- **Source data**
───
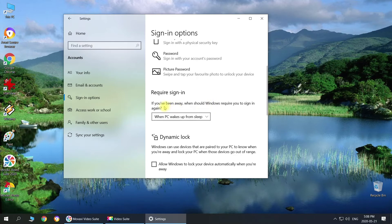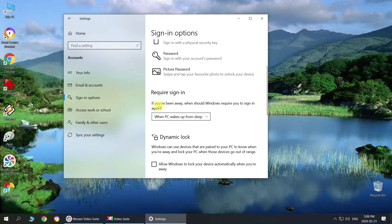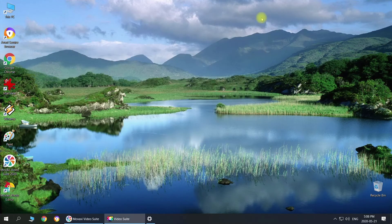So by default it says that when your PC wakes up from sleep it will ask you to enter your password to get into your system. But if you don't want to enter your password again, just choose never and then just close it. And now when your computer falls to sleep it won't ask you for another password.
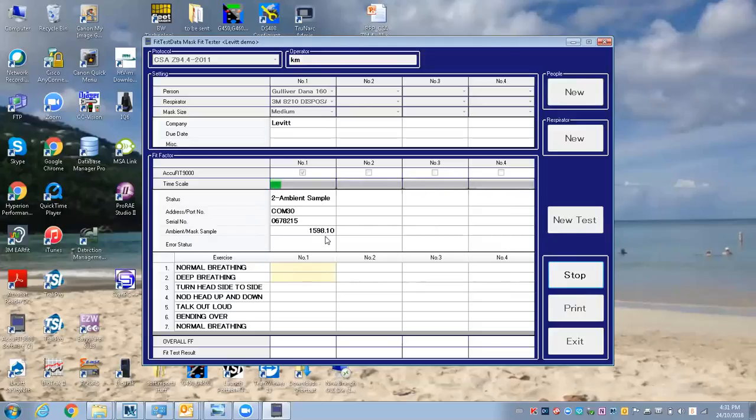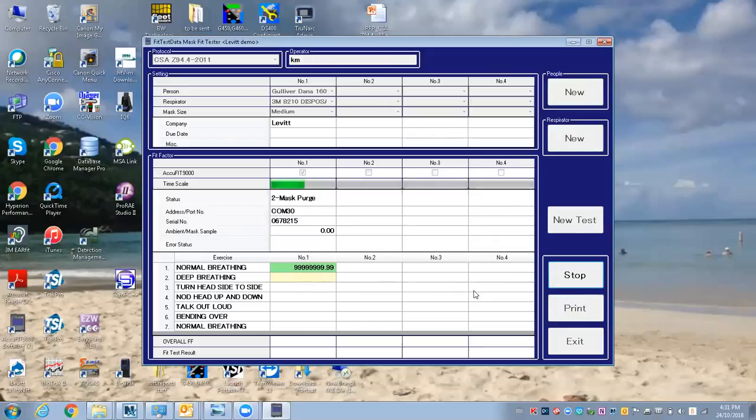You want to take the respirator off, stop the fit test basically, and readjust the mask. You can see we have a really huge fit factor because I still have the HEPA filter hooked up.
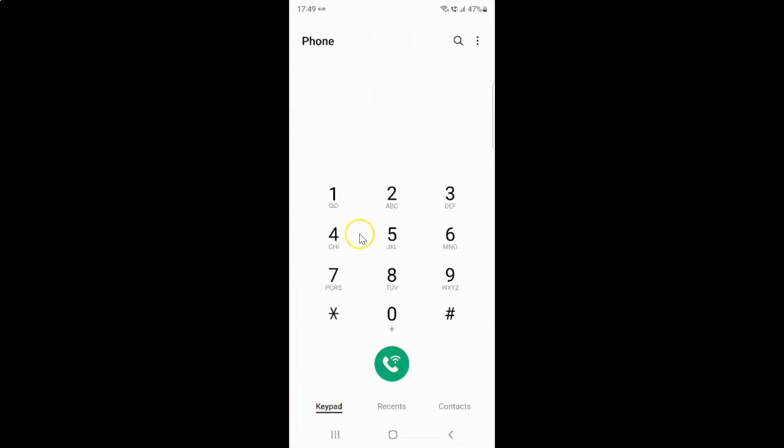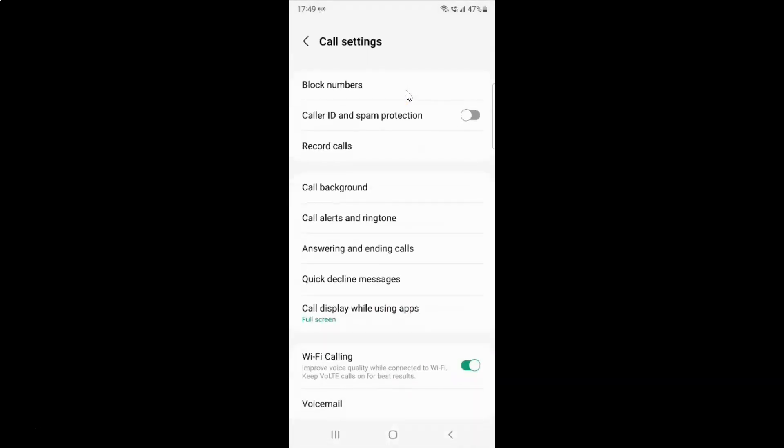It's now opened and after that just tap on this three vertical dots at the top right. And then tap on this settings.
───
Lines from the one containing "You want to" through the end of the listing, both included, are to be restated exactly, and pictures are to be left out.

- **Reply**
You want to take the respirator off, stop the fit test basically, and readjust the mask. You can see we have a really huge fit factor because I still have the HEPA filter hooked up.
It's now opened and after that just tap on this three vertical dots at the top right. And then tap on this settings.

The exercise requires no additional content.